Dataset: transaction categorization parquet.

In [1]:
from pyspark.sql import functions as F

In [1]:
# Load parquet
txn = spark.read.parquet(r"C:\code\spark-tuning-handbook\data\transaction_cat.parquet")
txn.printSchema()
print("rows:", txn.count())
print("partitions:", txn.rdd.getNumPartitions())

root
 |-- transaction_description: string (nullable = true)
 |-- category: string (nullable = true)
 |-- country: string (nullable = true)
 |-- currency: string (nullable = true)

rows: 4501043
partitions: 4


Spark UI: http://localhost:4040/jobs/
You should see a few jobs from setup.
We will use the UI to confirm:
- job count and durations
- number of stages
- tasks per stage
- shuffle read/write


## Topic 1 - Architecture: Job -> Stage -> Task


### Execution: from action to tasks

When you call an action (`count()`, `collect()`, `show()`, `write`, `save`, etc), Spark runs work like this:

Driver -> DAGScheduler -> Stages (split by shuffle boundaries) -> Tasks (1 task per partition per stage) -> Executors (running on Worker Machines)

**Rules to remember**

- **1 action = 1 job** - each `count()`, `show()`, `collect()`, `write.*` submits one job  
- **Shuffle = stage boundary** - wide transformations (`groupBy`, `join`, `repartition`, `orderBy`, `distinct`) create a new stage  
- **1 partition = 1 task** - within a stage, Spark launches one task per Spark partition 

So if you have 8 partitions and 1 shuffle, you get **2 stages Ã— 8 tasks = 16 tasks**.
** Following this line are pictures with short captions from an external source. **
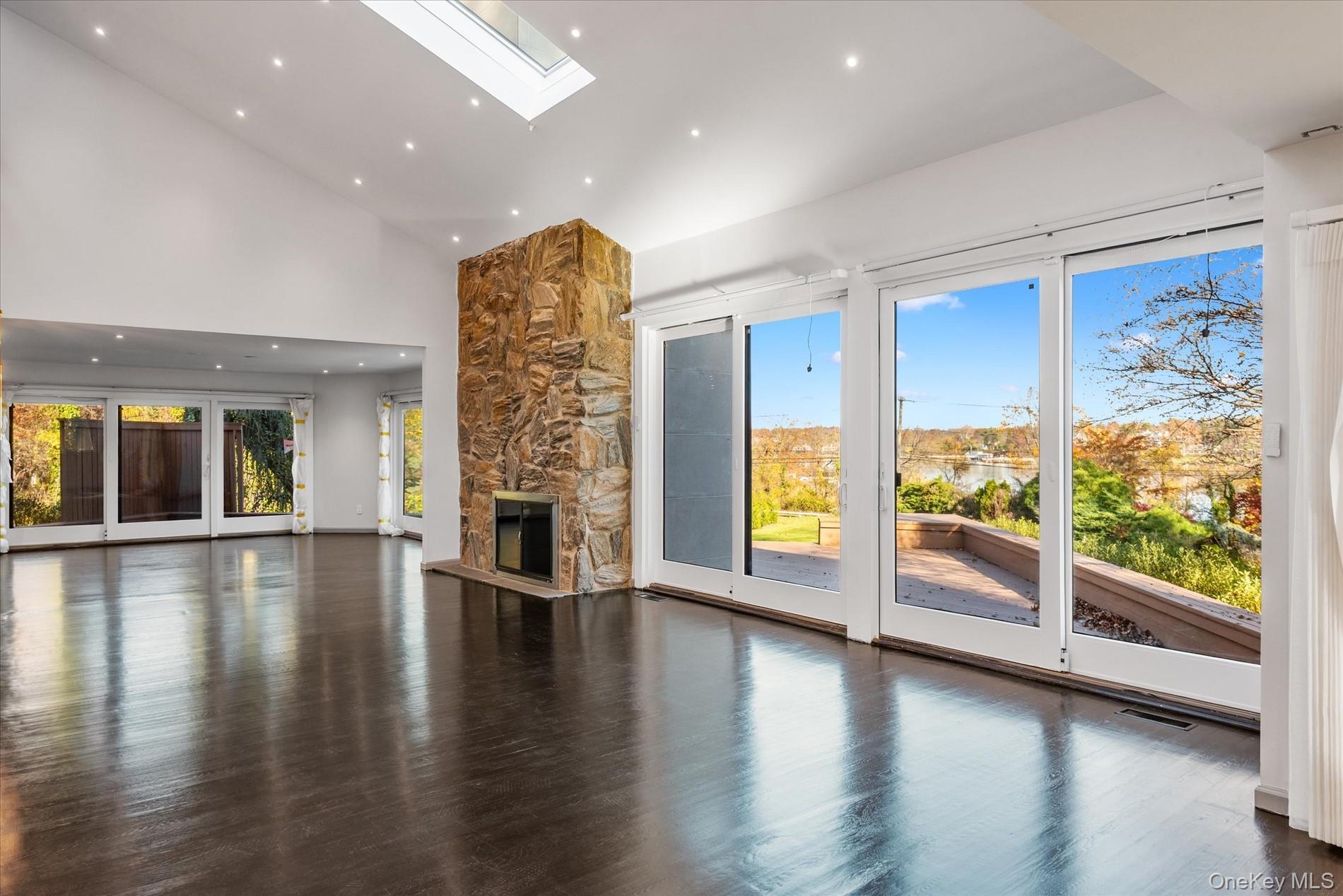 369 East Shore Road Great Neck, NY 11023 - Photo 7 of 50 an empty room with wooden floor and windows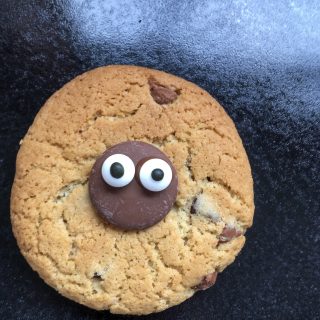 A chocolate chip cookie decorated with a chocolate button and candy eyes 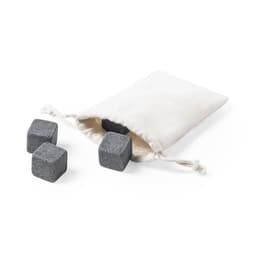 A drawstring pouch containing four dark grey square stone ice cubes, resting on a white background.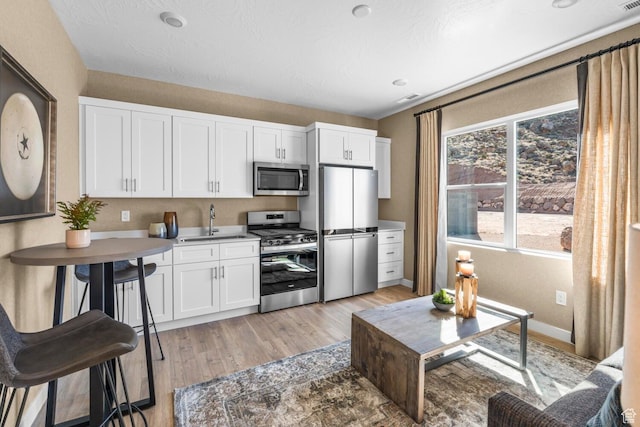 3719 E Padre Cv Unit 4092, Washington, UT 84780 - kitchen featuring appliances with stainless steel finishes, a sink, light wood-style flooring, white cabinetry, and baseboards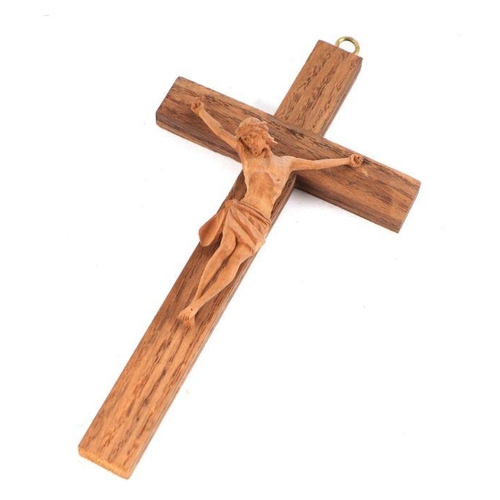 412 - A carved oak crucifix within an oak case, 26cms high.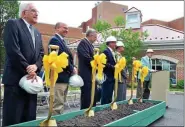  ?? MEDIANEWS GROUP FILE PHOTO ?? Chaplain Zweig, far right, gives the invocation for the groundbrea­king ceremony for the expansion at Elm Terrace Gardens. Pictured are, from left, Dick Stein, president of resident council; then-Lansdale Mayor Andrew Szekely; tnen-Lansdale Borough Manager Jake Zeigler; Elm Terrace Gardens Board of Directors Chairman Dil Kulathum; and President and CEO Timothy Murphy in July 2015.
### Demo: 1 action -> 1 job


In [30]:
spark.conf.set("spark.sql.adaptive.enabled", "false") # for clarity and simplicity in Spark UI
spark.conf.set("spark.sql.shuffle.partitions", "8") # we don't need default 200

In [21]:
txn.unpersist(blocking=True) # clear cache, don't proceed until done (blocking=True)

DataFrame[transaction_description: string, category: string, country: string, currency: string]

In [11]:
txn.count()

4501043

Spark UI -> Jobs -> latest job
Expect:
- 1 stage
- 8 tasks (1 per partition)
- Shuffle Write = 0


## Topic 2 - Narrow vs. Wide


### Narrow transformations

Narrow transformations are partition-local: they do not move data across the network.
Examples: `filter`, `select`, `withColumn`.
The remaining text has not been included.